§ **WHAT IS REQUIRED**
Look through the records below for the line with "Putuo Decor Cadeau". Return that line and each one after it up to and including the line with "Pfostenträger Quadrat 4", exactly.

EXTRACTED ENTRIES: Begin

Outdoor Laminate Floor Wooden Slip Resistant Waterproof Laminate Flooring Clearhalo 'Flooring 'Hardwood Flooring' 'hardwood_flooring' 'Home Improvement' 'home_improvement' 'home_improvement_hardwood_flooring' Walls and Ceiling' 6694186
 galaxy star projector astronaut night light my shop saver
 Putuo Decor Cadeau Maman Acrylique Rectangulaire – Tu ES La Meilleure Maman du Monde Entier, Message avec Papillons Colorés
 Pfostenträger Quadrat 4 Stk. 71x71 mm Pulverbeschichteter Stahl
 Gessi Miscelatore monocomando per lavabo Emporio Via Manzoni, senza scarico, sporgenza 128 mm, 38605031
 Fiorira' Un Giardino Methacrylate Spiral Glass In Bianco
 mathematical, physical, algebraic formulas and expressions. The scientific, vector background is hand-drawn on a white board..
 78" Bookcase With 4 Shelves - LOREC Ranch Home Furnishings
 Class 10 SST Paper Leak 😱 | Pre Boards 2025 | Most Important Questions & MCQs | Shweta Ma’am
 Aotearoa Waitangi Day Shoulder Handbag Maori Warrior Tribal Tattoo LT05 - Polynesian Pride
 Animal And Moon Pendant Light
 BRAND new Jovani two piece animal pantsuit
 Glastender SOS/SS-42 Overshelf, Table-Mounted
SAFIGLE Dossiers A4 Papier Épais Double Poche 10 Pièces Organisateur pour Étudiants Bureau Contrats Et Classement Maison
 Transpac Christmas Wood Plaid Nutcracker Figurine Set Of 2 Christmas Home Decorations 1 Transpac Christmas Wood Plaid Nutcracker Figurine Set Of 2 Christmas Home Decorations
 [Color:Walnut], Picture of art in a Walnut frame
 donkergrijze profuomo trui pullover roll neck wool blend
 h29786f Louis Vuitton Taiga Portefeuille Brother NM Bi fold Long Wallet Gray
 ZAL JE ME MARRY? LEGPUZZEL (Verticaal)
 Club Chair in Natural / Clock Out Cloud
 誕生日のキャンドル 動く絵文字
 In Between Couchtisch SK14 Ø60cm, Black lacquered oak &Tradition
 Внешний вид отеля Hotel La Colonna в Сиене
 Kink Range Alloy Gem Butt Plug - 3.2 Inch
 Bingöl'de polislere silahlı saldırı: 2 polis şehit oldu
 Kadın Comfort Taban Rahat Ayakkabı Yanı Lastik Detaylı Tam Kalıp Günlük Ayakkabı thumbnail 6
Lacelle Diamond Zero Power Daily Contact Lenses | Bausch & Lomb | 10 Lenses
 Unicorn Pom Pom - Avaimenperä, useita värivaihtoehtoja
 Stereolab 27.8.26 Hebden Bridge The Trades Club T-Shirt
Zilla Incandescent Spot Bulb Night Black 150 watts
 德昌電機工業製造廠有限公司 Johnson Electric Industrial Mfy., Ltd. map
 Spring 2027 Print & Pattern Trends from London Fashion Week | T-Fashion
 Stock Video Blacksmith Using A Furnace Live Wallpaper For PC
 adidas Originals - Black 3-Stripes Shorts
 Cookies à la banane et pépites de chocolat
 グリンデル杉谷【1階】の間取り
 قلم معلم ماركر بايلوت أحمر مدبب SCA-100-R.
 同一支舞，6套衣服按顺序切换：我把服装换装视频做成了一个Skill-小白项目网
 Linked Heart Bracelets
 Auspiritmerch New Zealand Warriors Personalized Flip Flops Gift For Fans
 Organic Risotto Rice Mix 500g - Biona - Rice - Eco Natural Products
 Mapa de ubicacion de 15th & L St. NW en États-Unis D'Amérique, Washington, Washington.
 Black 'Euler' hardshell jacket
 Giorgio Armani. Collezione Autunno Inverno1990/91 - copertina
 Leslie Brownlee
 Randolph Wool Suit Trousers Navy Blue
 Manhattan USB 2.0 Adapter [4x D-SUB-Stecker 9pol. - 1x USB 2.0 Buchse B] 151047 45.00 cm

EXTRACTED ENTRIES: End

§ **RESPONSE FOR THIS EXERCISE**
 Putuo Decor Cadeau Maman Acrylique Rectangulaire – Tu ES La Meilleure Maman du Monde Entier, Message avec Papillons Colorés
 Pfostenträger Quadrat 4 Stk. 71x71 mm Pulverbeschichteter Stahl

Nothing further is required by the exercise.